LOS ANGELES - Standard & Poor’s attributes much of the above-average creditworthiness of U.S. state governments to the unique countercyclical economic and fiscal support that the federal government offers the states, while warning that such support may be waning.
Following the Great Recession, U.S. states continue to make up one of the most creditworthy sectors, with only six state ratings below AA, the agency said in a recent report.
“A movement away from countercyclical discretionary spending and the real possibility of diminished automatic stabilizers could make recessions a nastier experience for states than they already are,” Standard & Poor’s said. “We believe the sector could be in for a bit more rating turbulence if states are left to bear more of the brunt of national recessions than they have in recent cycles.”
The report compares U.S. states to the 17 nations of the Eurozone, which also participate in a single currency area. While no U.S. state rating fell to below A-minus during or after the Great Recession, seven of the Eurozone sovereign ratings are BBB-plus or lower.

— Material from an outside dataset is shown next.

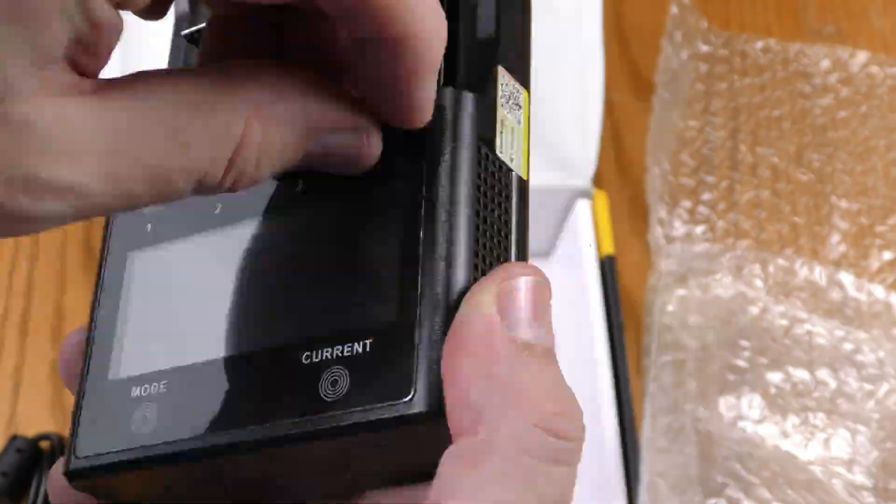This is already out of the box — let's back up and show you the unboxing.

In particular, states benefit from their unique access to “automatic stabilizers” — federal support in the form of nutritional, medical, unemployment, and other assistance programs — that inject spending into state economies without executive or legislative action.
“The stabilizers provide states an unusual degree of flexibility to scale back employment and entitlement costs, particularly for Medicaid, during periods of need like the Great Recession,” said Standard & Poor’s credit analyst and author of the report, Gabriel Petek. “They constitute a significant support for the credit quality of U.S. states, in our view.”

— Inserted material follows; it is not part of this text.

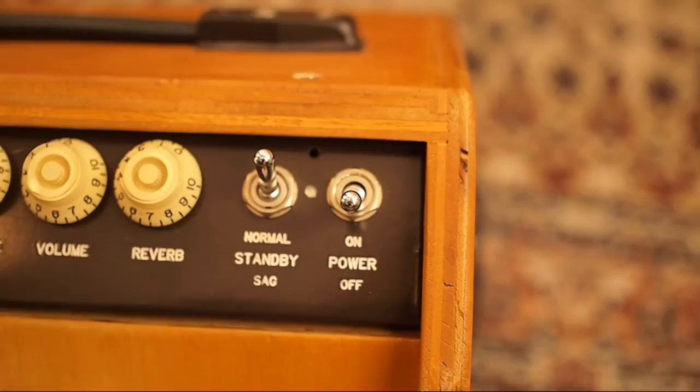So that's my take on the correct way to use a standby switch in a tube guitar amp. If you've got something to add to the discussion, feel free to mention it in the comments below — I like a good dialogue. This is Rob from Auburn Amps wishing you a day full of music.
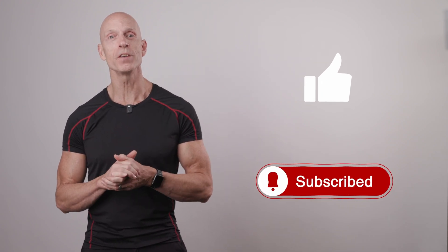Thanks for watching. If you liked the video, give us a thumbs up below and subscribe to our channel, as we'll be posting new videos each week.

The stabilizers, which mitigate the budget impact of recessions for states, are unique from a global perspective because they serve as a source of broad economic support without encroaching too much on states’ fundamental sovereignty.
“In fact, U.S.-style federalism involves a high degree of fiscal independence for states — latitude that could theoretically allow for widespread mismanagement,” Petek wrote.
As a result, there is a variation in credit quality among the states, but the range in ratings is both tighter and higher than that found in most other sectors.
In addition, the federal aid to state and local governments during economic crises is generally ad hoc, nonentity specific, and political, and, therefore, not something that financial managers can assume will be available. As a result, the hands-off approach has facilitated a more conservative credit culture among states and local governments.
When the government does provide federal support, it is usually aimed at providing macroeconomic stimulus,, like the American Recovery and Reinvestment Act, as opposed to targeting specific states or localities that may be in fiscal distress.
“The arrangement of U.S. fiscal federalism, therefore, encourages fiscal discipline by having state and local governments largely internalize the costs of discretionary fiscal decisions while simultaneously helping soften the fiscal burden to states of economic recessions — which come with nondiscretionary fiscal costs,” the report said.
The possibility that macroeconomic support will recede has risen as a result of a shift of the political discourse in favor of federal fiscal consolidation.
While the ratings agency recognizes that a departure from the existing federal-state relationship is possible, it does not assume that it will occur.
Standard & Poor’s said it believes state ratings will continue to reflect generally high credit quality given that they also operate in a culture that facilitates good credit practices by global standards.